In contemporary technical reviews it is common to reserve the term "field propulsion" for schemes that exchange momentum with external reservoirs, since those remain consistent with conservation of momentum when an identifiable medium supplies the counterforce. By contrast, devices such as PPT, MPD, and PIT thrusters—although dominated by internal electromagnetic fields—are placed within the broader family of electric propulsion because their exhaust streams provide the reaction mass that enforces momentum balance.[7][1] Academic surveys distinguish environment-coupled concepts from electric-propulsion devices that expel carried propellant, separating speculative field-coupled ideas from near-term electric technologies.[1]: 1–2 [7]: 1–2 

Field-adjacent: beamed-energy propulsion

[edit]
Lightcraft tests at White Sands Missile Range

Historical roadmaps also considered beamed-energy propulsion "field-adjacent," since power is supplied from outside the vehicle (laser, microwave, or particle beams) and converted to thrust onboard, decoupling energy supply from carried mass.[8] Such schemes are not propellantless if they ablate or heat onboard reaction mass, but the externalization of power places them near "field" concepts in advanced-propulsion surveys.[8][citation needed]

Beyond simple ablation or thermal boost,[8] roadmaps examined hybrid schemes in which a vehicle carries a small amount of working fluid that is heated or photodesorbed by a remote beam,[8] allowing thrust throttling while still decoupling most of the energy supply from onboard mass.[8] Such studies typically trade transmitter complexity and pointing requirements against vehicle mass and thermal limits;[8] mirrors, rectennas, or absorber cavities must survive high power densities while maintaining optical figure or RF efficiency across long ranges.[8] Mission analyses in this class often treat the beaming infrastructure as reusable capital equipment, amortized across multiple flights,[8] whereas the vehicles are lightweight, short-lived stages optimized for acceleration corridors.[8]

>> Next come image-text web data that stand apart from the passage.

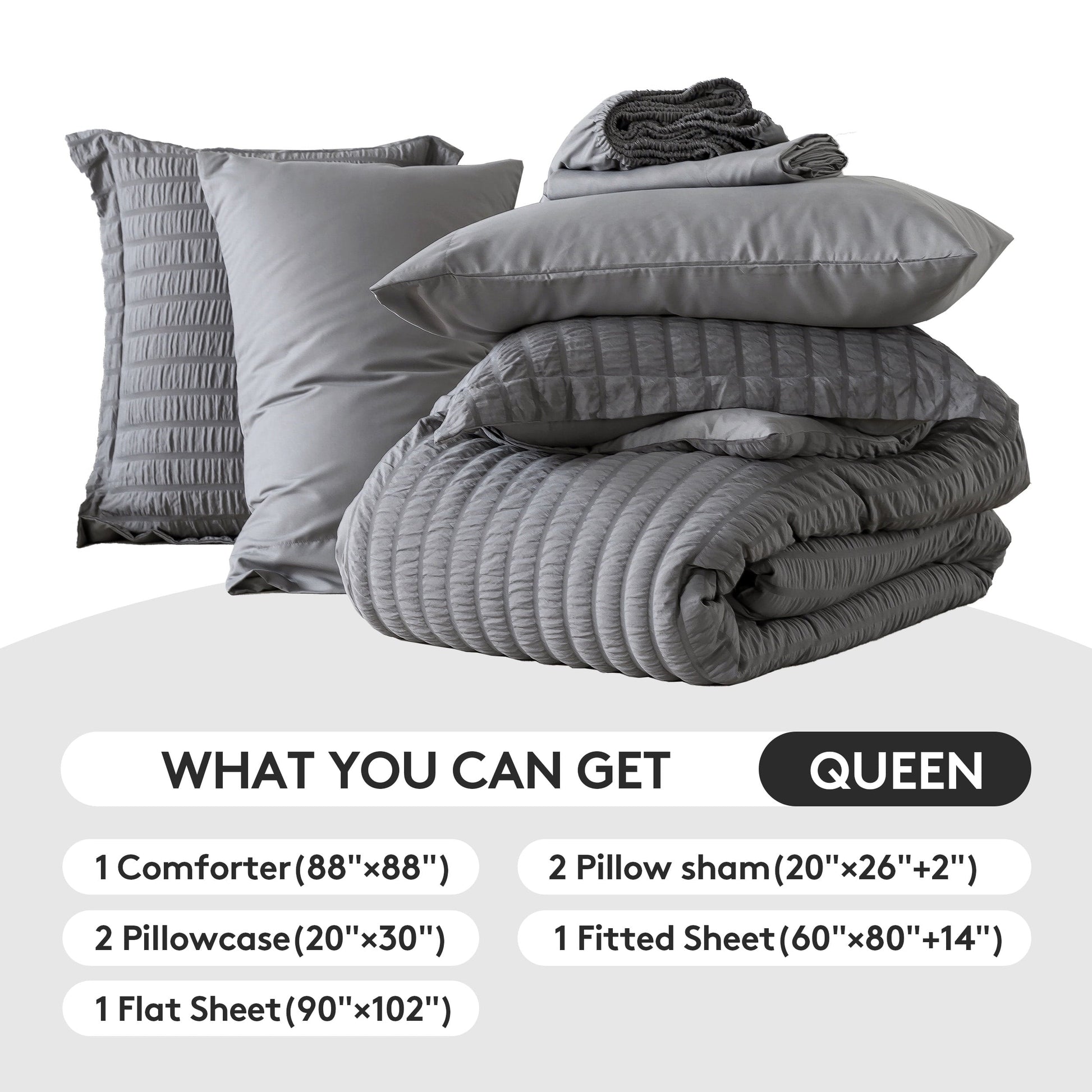 Luxurious Quilted 7 Piece Queen Comforter Set, Bed in a Bag with Sheets, Pillowcases & Shams, All Season Soft Bedding, Cozy and Lightwe... - All-Season Down Alternative Comforter Insert Detail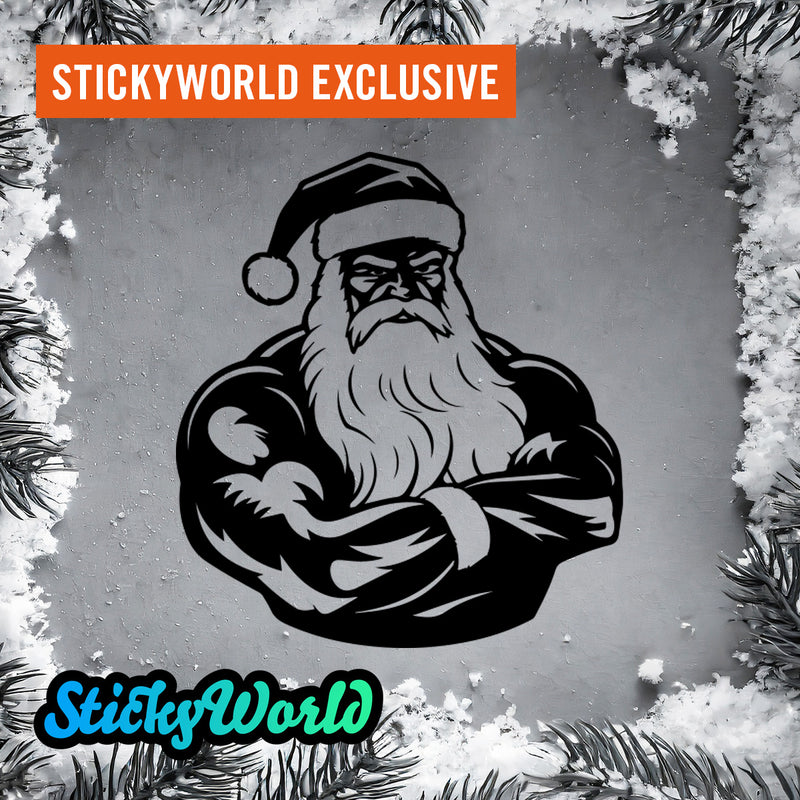 Gestählter-Santa StickyWorld Exclusive | Foliensticker in 3 Größen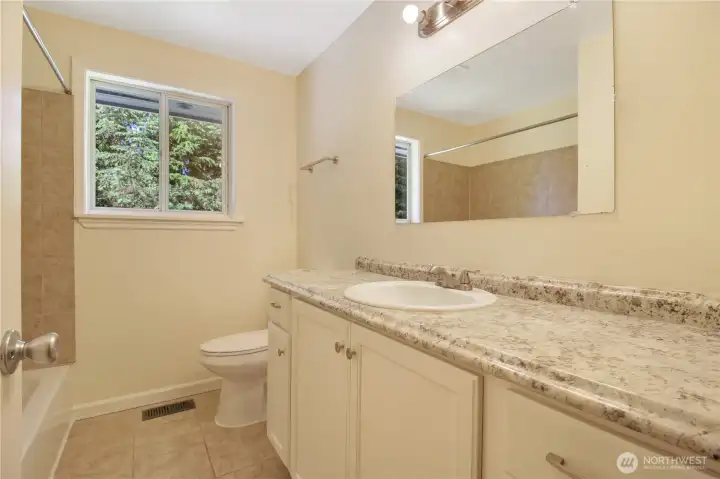 Main bathroom upsairs with updated countertops Main bathroom upsairs with updated countertops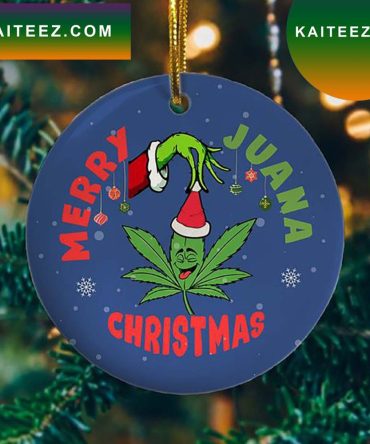Funny Marijuana Leaf Christmas Tree Merry Juana Grinch Decorations Outdoor Ornament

Electric/magnetic thrusters that still expel propellant

[edit]

Several devices central to electromagnetic propulsion rely on strong fields yet remain conventional in the momentum sense because they accelerate carried propellant.[5]: 647–649  Representative families include pulsed plasma thrusters (PPTs), magnetoplasmadynamic thrusters (MPD), and pulsed-inductive thrusters (PIT), each with distinct trade-offs in lifetime, efficiency, and power scaling; PPTs have flown for attitude and drag makeup, MPD has flight heritage in experimental regimes, and PIT remains ground-tested.[7]: 1–2 

Within the electric-propulsion family, these devices illustrate how strong fields can dominate the internal acceleration physics while momentum closure still proceeds through exhaust.[7]: 5–8  In programmatic roadmaps, these technologies frequently serve as baselines for comparison with environment-coupled concepts, anchoring expectations for power-to-thrust ratios, lifetime, and system mass at mission-relevant scales.[5]: 648–649 [7]: 5–8 

Practical methods

[edit]

Although not presently in wide use for space, there exist proven terrestrial examples of field propulsion in which electromagnetic fields act upon a conducting medium such as seawater or plasma for propulsion, known collectively as magnetohydrodynamics (MHD). MHD is similar in operation to electric motors, however rather than using moving parts or metal conductors, fluid or plasma conductors are employed. The EMS-1 and more recently the Yamato 1[10] are examples of such electromagnetic Field propulsion systems, first described in 1994.[11]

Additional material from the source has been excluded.